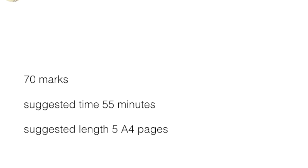The suggested time for this question is 55 minutes, though that's not gospel — you should allocate your time yourself and practice breaking up the paper. The suggested length is about 5 A4 pages for average to slightly big handwriting, because it's the biggest section on the paper. That said, there are diminishing returns, so you don't need to throw all your effort into this question at the expense of others. Poetry — taking prescribed and unseen together — is worth the same amount, but in itself this is the biggest section.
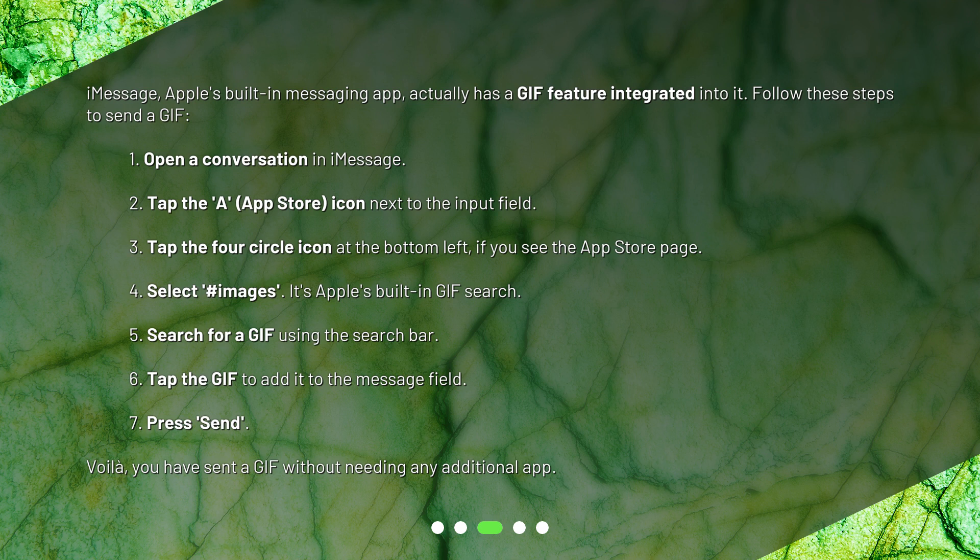1. Open a conversation in iMessage. 2. Tap the App Store icon next to the input field. 3. Tap the 4-circle icon at the bottom left if you see the App Store page. 4. Select #images — it's Apple's built-in GIF search. 5. Search for a GIF using the search bar. 6. Tap the GIF to add it to the message field. 7. Press Send. Voilà! You have sent a GIF without needing any additional app.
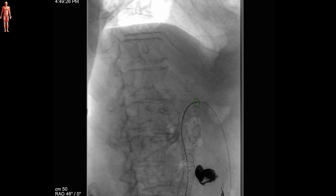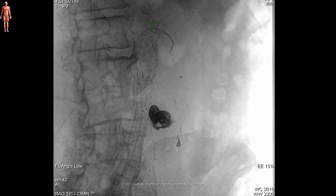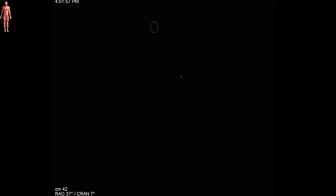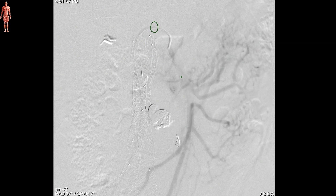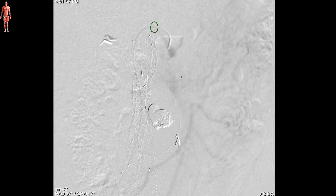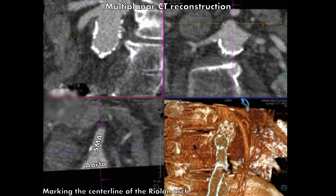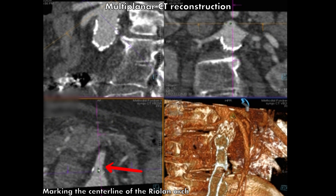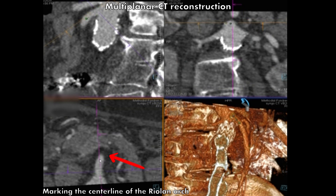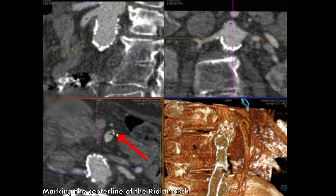After successful cannulation, the wire was exchanged for an 0.014 guidewire and a quick-cross catheter was advanced inside our 5 French catheter. The arch of Riolan was then marked using fusion imaging by drawing the centerline of the collateral on the multiplanar CT reconstruction, as seen here.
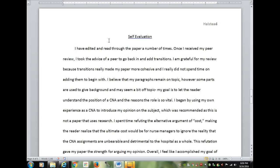That is exactly how your paper should look: MLA format, everything double-spaced, paragraphs indented. Underline your claim, underline your topic sentences, underline your transitions. Make sure you have a counter argument paragraph, make sure you have a conclusion, and make sure you have a self-evaluation. Good luck.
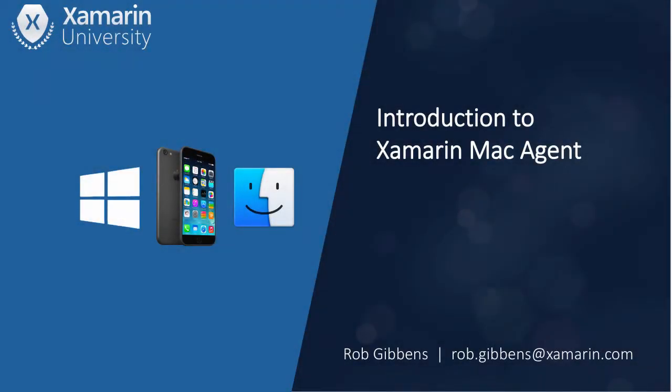Welcome to Xamarin University. My name is Rob Gibbons, and in this lightning lecture, I have the pleasure of introducing you to the new Xamarin Mac Agent.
:::
* PROBLEM STATEMENT
If a record above contains a picture, leave the picture out and transcribe everything else exactly.

* TASK RESPONSE
The suggested time for this question is 55 minutes, though that's not gospel — you should allocate your time yourself and practice breaking up the paper. The suggested length is about 5 A4 pages for average to slightly big handwriting, because it's the biggest section on the paper. That said, there are diminishing returns, so you don't need to throw all your effort into this question at the expense of others. Poetry — taking prescribed and unseen together — is worth the same amount, but in itself this is the biggest section.
1. Open a conversation in iMessage. 2. Tap the App Store icon next to the input field. 3. Tap the 4-circle icon at the bottom left if you see the App Store page. 4. Select #images — it's Apple's built-in GIF search. 5. Search for a GIF using the search bar. 6. Tap the GIF to add it to the message field. 7. Press Send. Voilà! You have sent a GIF without needing any additional app.
After successful cannulation, the wire was exchanged for an 0.014 guidewire and a quick-cross catheter was advanced inside our 5 French catheter. The arch of Riolan was then marked using fusion imaging by drawing the centerline of the collateral on the multiplanar CT reconstruction, as seen here.
That is exactly how your paper should look: MLA format, everything double-spaced, paragraphs indented. Underline your claim, underline your topic sentences, underline your transitions. Make sure you have a counter argument paragraph, make sure you have a conclusion, and make sure you have a self-evaluation. Good luck.
Welcome to Xamarin University. My name is Rob Gibbons, and in this lightning lecture, I have the pleasure of introducing you to the new Xamarin Mac Agent.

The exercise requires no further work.